一瞬だが確かに感じた威圧感。これも何かの能力なのだろうか?そんな疑問を感じた。
「ちぇ、わかったよ」
アイも渋々納得した様子で返事をした。
「さぁウルト。こっちだ。アイの能力もあるし少し離れたところで修行だ」
「わかった」
こうしてひと悶着あったもののようやくウルトとキナコの修行が始まった。
「まずは知識付けからだウルト。前にもいったが世界が代わる。今ままでどれほど効率の悪いことをしていたのかと。それが終わったら実践練習だ」
「おす。博士」
「おぉやる気があっていいことだ」
「まずはこれだ『タスク』最初のうちは、これが重要だ。一緒にやってみてくれ。そっちの方が説明がしやすい」
「いきなりそんなこと言われても、できるのか?」
「これは『タスク』と唱えるだけで自動的に視界に表示される。できないことはない」
「わかった。『タスク』」
その視界に様々な情報が表示された。
「視界には、コアやメモリの使用率といったものが見えているはずだ。これは……そうだな例えばそこに転がっている、少し重そうな石を持ち上げてみてくれ」
ライザ博士が指をさした先には、少し重そうだが、持ち上げることができる程度の石があった。
「わかった」
そう言って石をもち上げた。
「さぁもう一度そのタスクを見てくれ」
「コアとメモリの数字が増えている」
「それが君の身体をどのくらい使っているかがわかる。いわば自分の限界値って言ったところだ。まぁ自分の身体の使い方がわかってくればそれを見なくてもよくなるだろう」
その後の説明で任意で消したりもう一度『タスク』。と唱えればまた自分の視界に表示される。そして視界の中心にあって邪魔だと感じたら、視界の端に移動させておくこともできると教えてくれた。
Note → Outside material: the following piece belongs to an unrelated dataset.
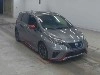 NISSAN NOTE — фото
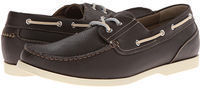 Antonio Zengara Clipper Shoes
「簡単に言うと、コアが核となる脳みその部分、メモリはそのコアを動かす筋肉みたいなものだ。あまり難しく考えなくてもいい」
ライザ博士は続けて、画面に浮かぶタスクを指さしながら説明を加えた。
「そしてコアとメモリこれにはヒトによって限界値があり今以上の能力を使えることはない」
「それじゃぁどんだけ鍛えても無駄だってことか?」
ウルトはふと頭に思い浮かんだ疑問を聞いてみた。
ライザ博士は少し考えるように黙ってから、穏やかな声で答えた。
「いや、無駄ではない。鍛えることで、コアとメモリの使用効率を高めることはできるんだ。
限界値を超えることはないが、少なくともその範囲内での能力を引き出す方法はある」
「効率を高めるって、どういうことだ?」
ウルトは疑問に思いながらも、さらに尋ねた。
ライザ博士はタスクの一部を指さしながら説明を続けた。
「例えば、君が今やっているタスクのように、筋肉や脳を使う時、最初は無駄な力を使っていることが多い。だが、鍛えることで無駄を省き、効率的にエネルギーを使えるようになる。そうすれば、より少ない力で同じ結果を出せるし、逆に言うと、少ないエネルギーでより多くのことをできるようになるんだ」
ウルトは少し納得した様子で頷いた。
「つまり、限界を超えることはないけど、より賢く使えるようになるってことか」
「その通りだ。武器の使い方を学ぶみたいなものだよ」
ウルトはしばらく考え込んだ。
「でも、効率が高くても、やっぱりコアとメモリの限界があるってことか。結局、何をやってもその壁にぶつかるんだな。」
「その結論は正しいが正しくない。何が言いたいかというと、そのパーツをより高性能なものに交換してやればいい。君も見たことがあるだろ?キナコの変化を」
「そうだキナコに感じた違和感。見た目も性格も全く分かっていないのにそれをキナコだと認識できなかった」
「そう、それは私が彼女のパーツをより高性能なものに交換したからだ。これで彼女のパフォーマンスは飛躍的に向上した」
「それで、キナコは本当にキナコでいられるのか?」
「当然の疑問だが、それは問題ない。前にも説明したが私たちのデータはウィンCかローカルEに保存されている。そこが変わらなければ、性格や振る舞いが代わることは絶対にない。そしてそれは、基本的に部外者が関与できる領域ではない。この私でもそれは、例外ではないからね」
要するに、キナコの“本質”はこのデータベースに保存されているから、コアやメモリさらにはその先のボードが変わっても、その“本質”は損なわれることはない。